The Pirates got started on improving the starting rotation today, but their first move was an uninspiring one. The team has reportedly agreed to terms on a one-year deal with former Marlins and Nationals pitcher Scott Olsen, with a base salary somewhere around $1 million. The deal will likely become official later in the week, once Olsen completes a physical.
So what sort of boost should we expect Olsen to provide the Pirates’ starting rotation? Well, probably not much. He has battled injuries the past few seasons, and he hasn’t pitched particularly well since 2006. He boasts a career ERA of 4.85 along with mediocre peripheral numbers. His ERA in 2010 was 5.56, although he did boast an xFIP of 4.39 due to a career high groundball rate.
Let’s take a look at a few projections for Olsen, along with projections for some of the other internal rotation options.
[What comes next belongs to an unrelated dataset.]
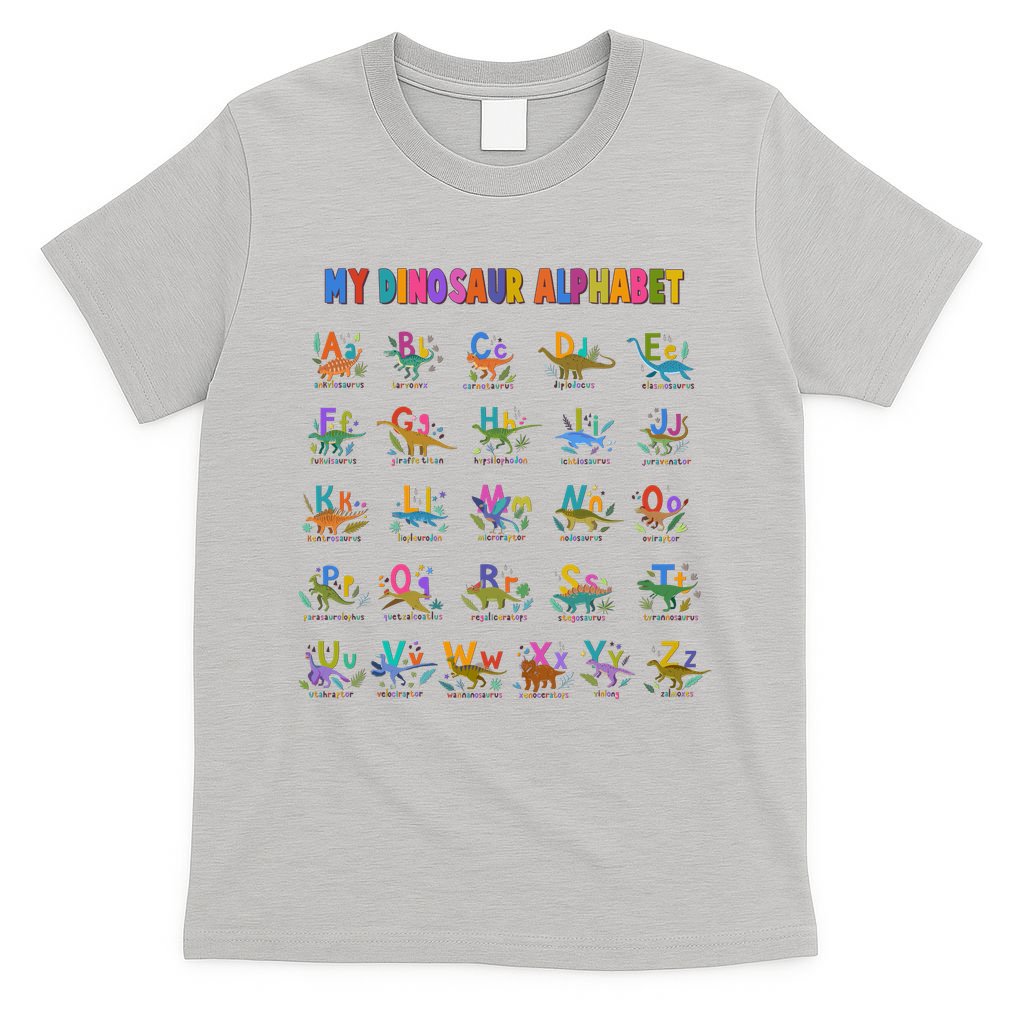 Cool Dinosaur Alphabet Back To School T-Shirt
The first column is a projected context-neutral ERA from CHONE, the now defunct projection system from Sean Smith. These are a bit outdated (they were last updated on August 23rd), but they are still useful for now. (Note: CHONE projects James McDonald as a reliever, so mentally adjust his projection as necessary.) The second column is each pitcher’s ZiPS projection, created by Dan Szymborski. These are specific to the pitcher’s environment, so Olsen’s projection assumes he is pitching in Washington while the others assume the pitcher is with the Pirates. In the final column are my own personal projections. This system is in its infancy, and it is much more basic than the other more established projection systems.
As you can see, each projection essentially agrees that Olsen is not going to be much improvement over the options already on the roster. He may end up being one of the five best pitchers on the team, but even that is being a bit optimistic. He improves the overall depth a bit, but probably not much more than your typical minor league free agent or waiver pickup.